Thursday, July 17, 2014: 12:30 PM
Room: 502
Oral Presentation
Martin KOHLI , Dept of Social and Political Sciences, European University Institute, San Domenico di Fiesole, Italy

Fifty years ago, inequality in developed societies disadvantaged the elderly. Becoming old could mean falling into poverty, and some sociologists interpreted retirement as a form of social exclusion and alienation. Today, the tide has turned: the elderly have benefitted from the expansion of the welfare state, and some sociologists paint the bleak picture of a coming gerontocracy. The discourse of “intergenerational equity” faults the elderly for monopolizing resources and endangering our future.

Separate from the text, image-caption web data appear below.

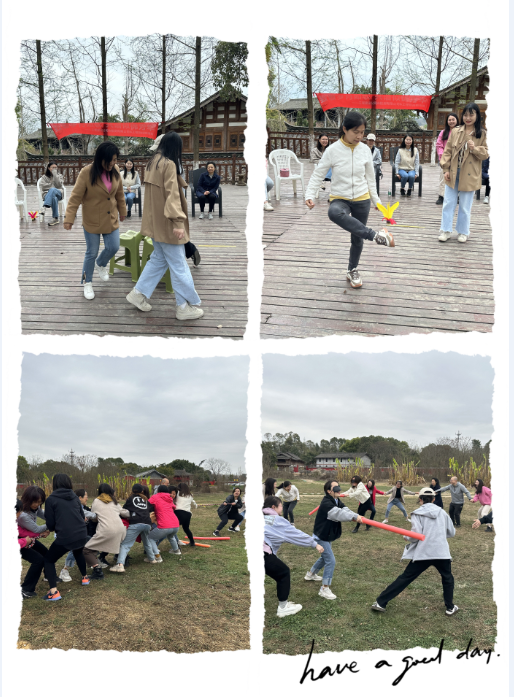 強互動 促發展|冶勘設計集團各分公司開展創新互動 凝聚力量結隊活動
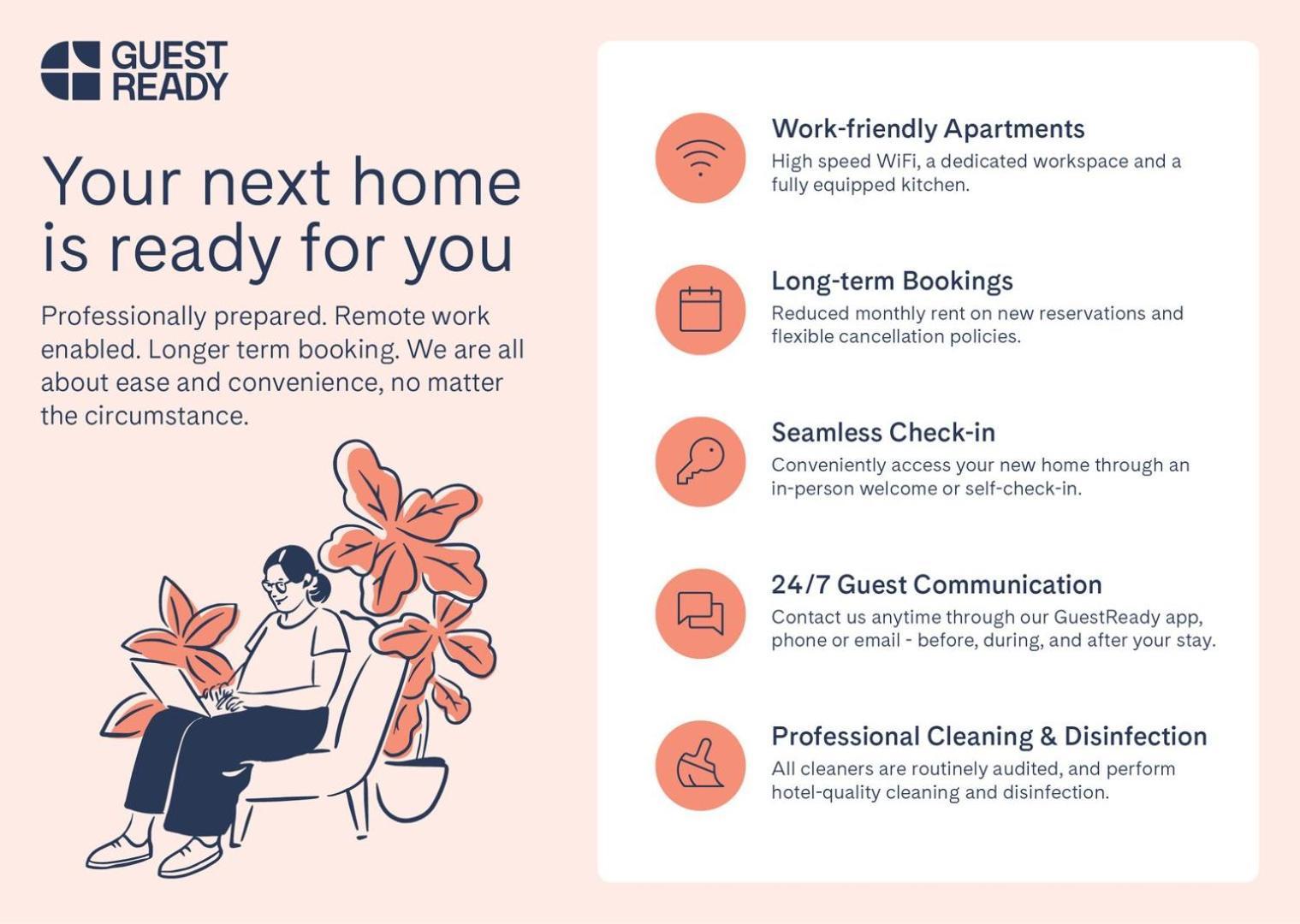 Guestready - Lovely Nest In The Old Town EDI Exteriér fotografie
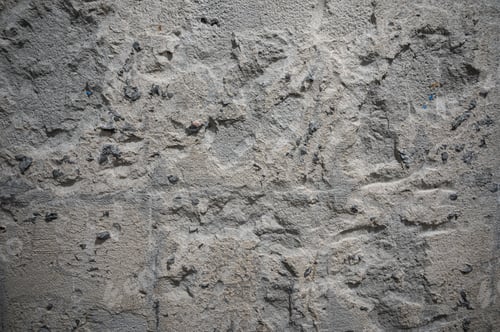 Preview: Demolish cracked concrete wall texture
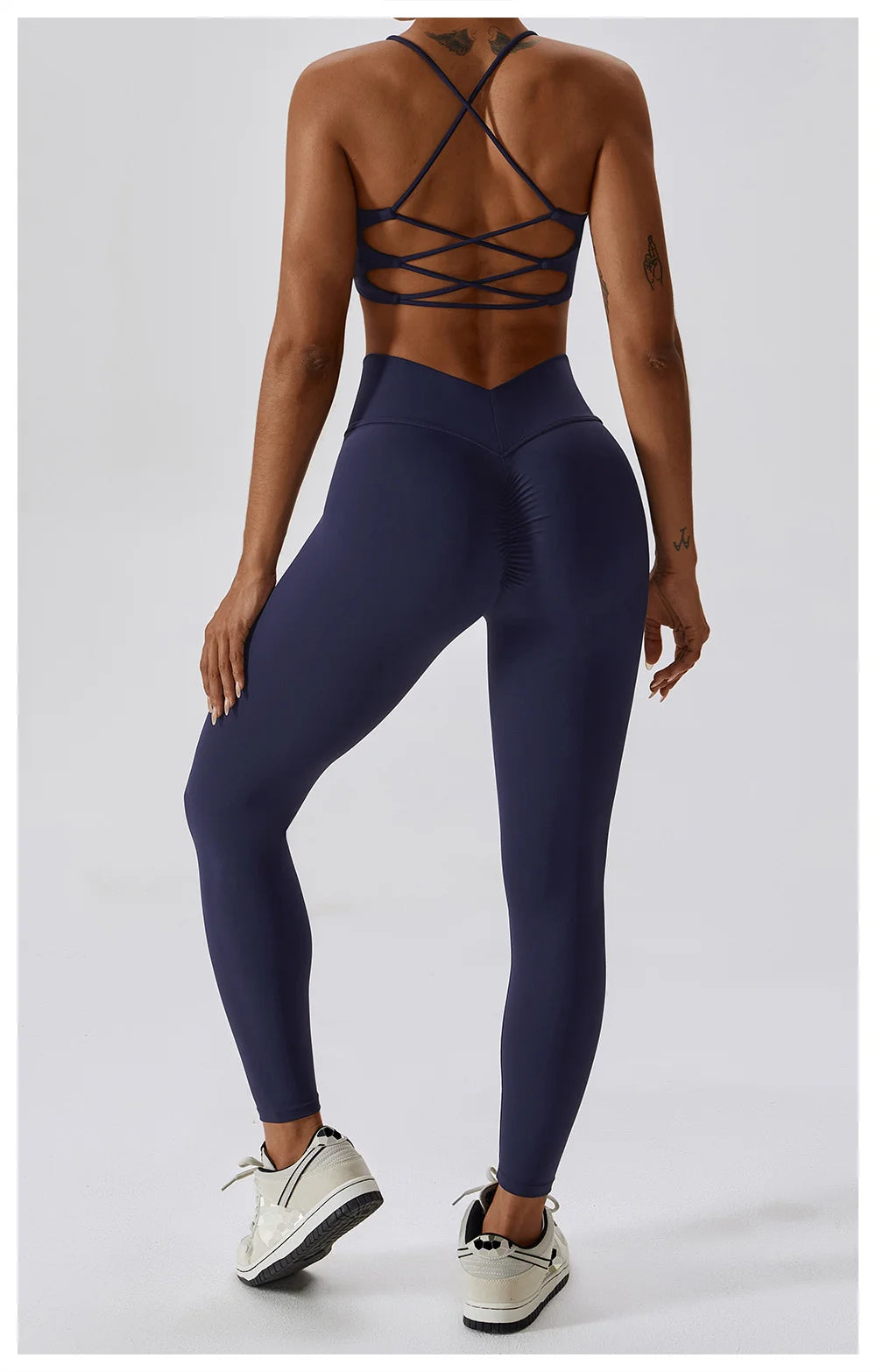 Elastic Sport Pants
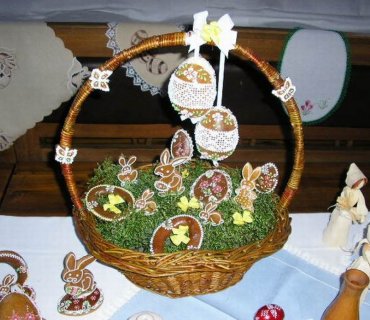 Velikonoce 2005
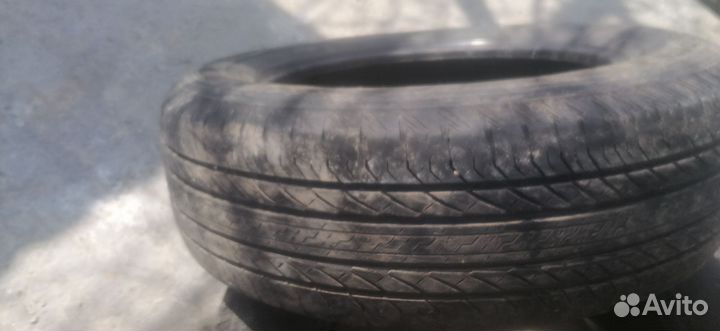Bridgestone Ecopia EP850 225/65 R17 102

However, it remains essential to assess the extent of the generational cleavage per se and the extent to which it masks the continued existence of the “old” class cleavage between wealthy and poor (or owners and workers). There are moreover “new” cleavages such as those of gender and ethnicity (or “race”). Emphasizing the generational conflict tends to downplay other inequalities, and by this, risks being ideological.

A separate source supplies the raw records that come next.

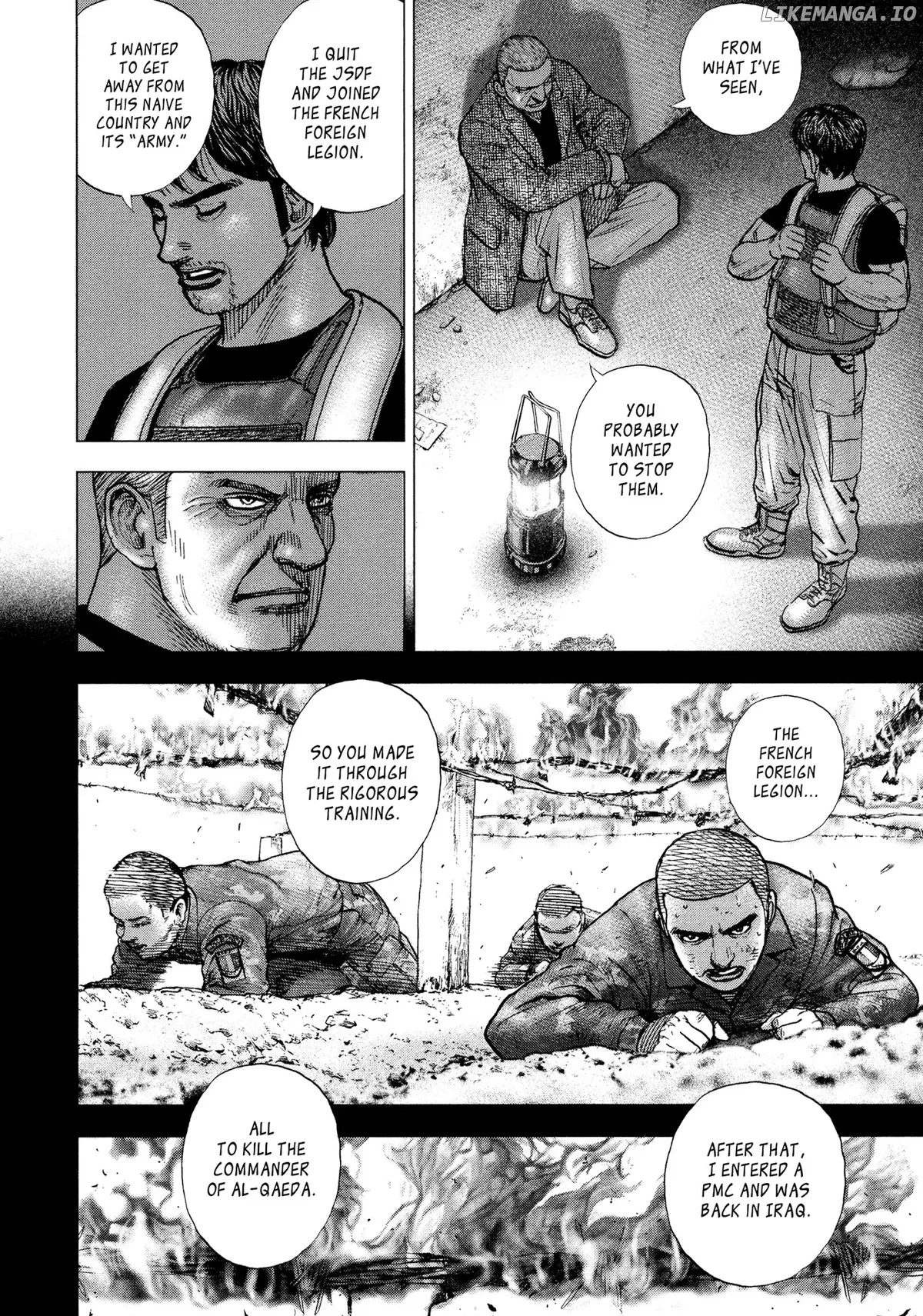 ZIGA  Manga Chapter 5 page 11 - 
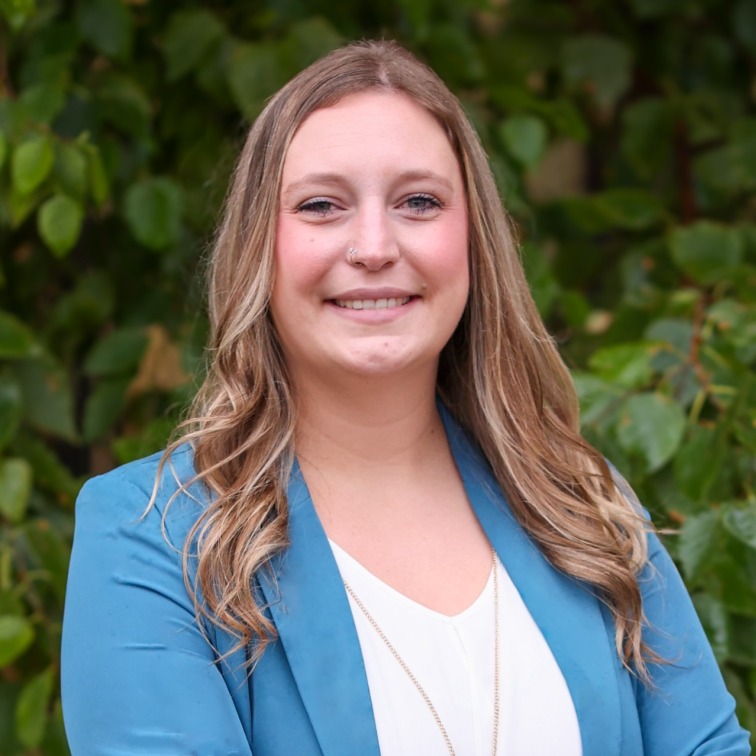 Sydne Haider, Account Relations Supervisor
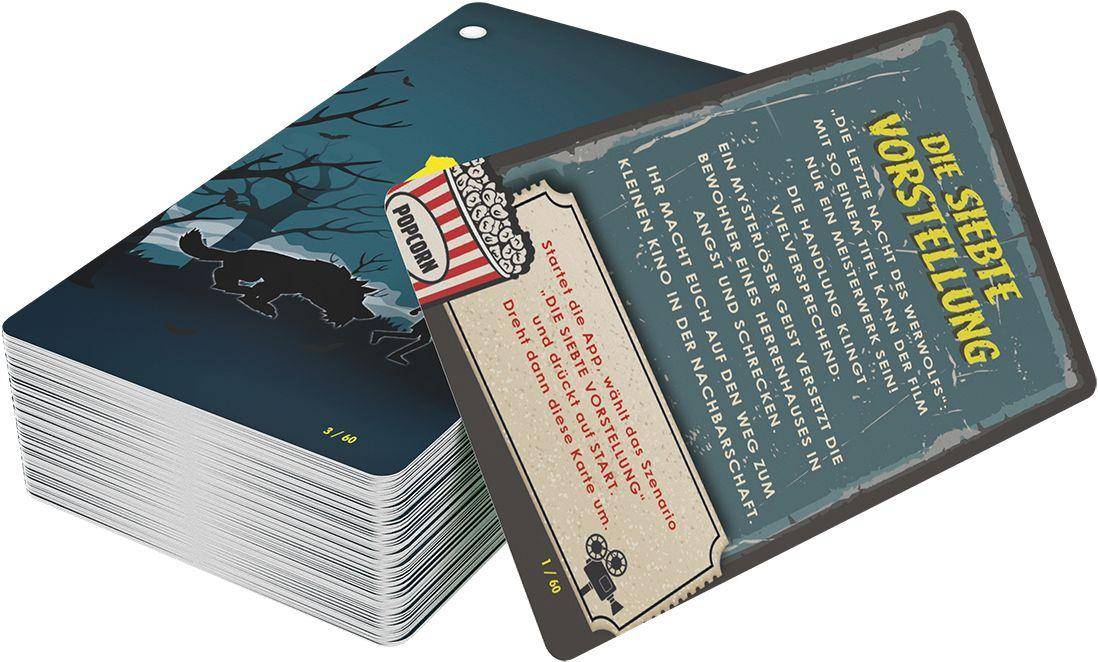 Unlock! - Die siebte Vorstellung (Einzelszenario)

I will briefly retrace the stages of this discourse, and then examine the current extent of cleavages among generations or age groups in terms of economic well-being and social inclusion. How these cleavages turn into conflicts depends on their potential for mobilization, which I will assess  by examining political attitudes, participation and voting. The result is that the salience of generational conflicts is (so far) low, which I attribute to the mediating function of political institutions and of generational relations and transfers in families.

Class inequalities cumulate in old age, and class cleavages may thus deepen in future aging societies, but the potential for class mobilization seems to fade away. Generational cleavages may also deepen, not least through the current trends towards welfare state retrenchment. Whether they will lead to generational mobilization depends on the continued viability of the mediating institutions in politics and the family.